Montrealer helps discover an exoplanet the size of Neptune

Artist's rendition of AU Mic b, a planet similar in size to Neptune, but possible more massive (at most 3.4 times the size of Neptune, according to ground observations). Credit: NASA Goddard Space Flight Centre. (CNW Group/Espace pour la vie)

Astrophysicists discovered a planet the size of Neptune near a star they have been studying for decades - and a Montrealer helped find it.

Jonathan Gagné, a scientific advisor at the Montreal planetarium, participated in observations and data processing that led to finding the planet. 

A star called AU Mic – located about 32 light-years from Earth and estimated to be between 20 million and 30 million years old – was found in the 2000s to still be surrounded by debris caused by its formation. Since then, astrophysicists have been trying to locate planets in its surroundings, since debris is where they form. 

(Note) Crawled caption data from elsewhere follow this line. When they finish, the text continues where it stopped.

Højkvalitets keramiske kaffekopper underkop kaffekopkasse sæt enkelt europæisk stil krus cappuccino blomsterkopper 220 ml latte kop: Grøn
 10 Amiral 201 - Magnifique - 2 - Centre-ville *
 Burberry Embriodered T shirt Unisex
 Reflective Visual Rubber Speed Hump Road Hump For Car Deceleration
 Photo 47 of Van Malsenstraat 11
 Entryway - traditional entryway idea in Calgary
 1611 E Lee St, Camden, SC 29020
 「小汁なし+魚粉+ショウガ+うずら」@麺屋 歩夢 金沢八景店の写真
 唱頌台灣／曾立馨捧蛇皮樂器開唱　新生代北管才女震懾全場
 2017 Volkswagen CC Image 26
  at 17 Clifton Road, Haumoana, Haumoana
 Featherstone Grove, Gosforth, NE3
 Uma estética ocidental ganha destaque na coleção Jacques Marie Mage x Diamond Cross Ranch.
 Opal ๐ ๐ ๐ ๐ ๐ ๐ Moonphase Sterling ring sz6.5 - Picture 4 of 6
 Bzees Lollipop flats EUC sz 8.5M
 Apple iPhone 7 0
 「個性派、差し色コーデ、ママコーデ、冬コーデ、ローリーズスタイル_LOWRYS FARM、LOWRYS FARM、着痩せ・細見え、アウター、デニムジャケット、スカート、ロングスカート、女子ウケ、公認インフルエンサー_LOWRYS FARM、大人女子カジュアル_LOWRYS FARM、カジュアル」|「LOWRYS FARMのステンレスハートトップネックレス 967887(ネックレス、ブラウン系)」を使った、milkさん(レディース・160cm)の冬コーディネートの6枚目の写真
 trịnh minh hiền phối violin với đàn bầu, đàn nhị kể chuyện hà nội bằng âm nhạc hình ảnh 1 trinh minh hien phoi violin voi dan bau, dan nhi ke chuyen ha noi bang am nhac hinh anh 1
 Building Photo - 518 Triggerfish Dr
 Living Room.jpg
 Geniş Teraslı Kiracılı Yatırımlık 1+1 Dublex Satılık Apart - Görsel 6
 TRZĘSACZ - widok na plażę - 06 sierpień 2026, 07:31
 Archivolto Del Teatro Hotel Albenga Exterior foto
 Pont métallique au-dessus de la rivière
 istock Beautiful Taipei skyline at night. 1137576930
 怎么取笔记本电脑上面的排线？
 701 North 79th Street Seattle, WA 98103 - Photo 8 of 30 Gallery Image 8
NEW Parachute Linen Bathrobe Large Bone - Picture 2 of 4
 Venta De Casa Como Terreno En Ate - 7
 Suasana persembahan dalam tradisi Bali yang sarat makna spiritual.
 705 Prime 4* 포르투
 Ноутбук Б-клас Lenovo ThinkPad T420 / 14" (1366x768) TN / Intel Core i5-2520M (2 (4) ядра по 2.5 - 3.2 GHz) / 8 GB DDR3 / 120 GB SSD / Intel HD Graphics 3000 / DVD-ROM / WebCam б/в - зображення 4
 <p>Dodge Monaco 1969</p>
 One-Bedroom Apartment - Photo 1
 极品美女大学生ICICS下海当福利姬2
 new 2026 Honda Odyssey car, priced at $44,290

"AU Mic is a small star, with only about 50 per cent of the Sun's mass," Gagné said in a statement. “These stars generally have very strong magnetic fields, which make them very active. This explains in part why it took nearly 15 years to detect the exoplanet, called AU Mic b. The numerous spots and eruptions on the surface of AU Mic hampered its detection.” 

Jonathan Gagné at the summit of Mauna Kea, where astrophysicists have been making observations since 2010 at the NASA's Infrared Telescope Facility (IRTF) to find planets around AU Mic. Credit: Jonathan Gagné (CNW Group/Espace pour la vie)

The debris surrounding the star also made it difficult to spot the planet, Gagné said. 

In 2010, a group began observing the star using an infrared telescope, hoping they would be able to spot planets as it is easier to see through the star’s activity in infrared light. 

A few years after Gagné joined the team, during his doctoral studies, the group was made aware of the possible presence of a planet around the star. 

“We noticed a possible periodic variation in the radial velocity of AU Mic,” Gagné said. 

Planets pull at their host stars when they orbit, causing them to move slightly. The motion can be detected from Earth, but doesn’t necessarily indicate the presence of a planet – so even though the researchers knew it was possible one existed, they wouldn’t know for sure until the “transit method” was used. 

A "transit" is when a planet travels directly in between its host and the observer, hiding a small fraction of the star’s light. Astronomers were able to observe two transits of AU Mic b during NASA’s “Transiting Exoplanet Survey Satellite” mission in the summer of 2018, and two more using one of the space agency’s telescopes the following year. 

Artist's representation of the planet (foreground) and its star (background). Credit: NASA Goddard Space Flight Centre. (CNW Group/Espace pour la vie)

These observations also allowed scientists to determine the size of the planet as well as how often it passes in front of its star, which is every 8.5 days. They suspect its mass to be just under 3.4 times that of Neptune, which translates to about 58 times that of Earth. 

Detecting exoplanets is difficult, scientists say, in addition to being rare – but AU Mic’s proximity to Earth makes it appear brighter. They’re using an instrument called the Spirou spectrograph to observe it. 

“This instrument, with its polarimetric capabilities, will allow us to better distinguish the effects of stellar activity, which are often confused with the signal from the planets," said Étienne Artigau, a project scientist at Université de Montréal, in a statement. "This will allow us to determine the mass of AU Mic b accurately and to know if this exoplanet is more like a large Earth or a Neptune twin."

Spirou can also be used to detect the planet’s atmosphere. 

Scientists plan to study AU Mic as well as other stars in its formation that have known planets, to see how they evolved differently despite both systems having common characteristics.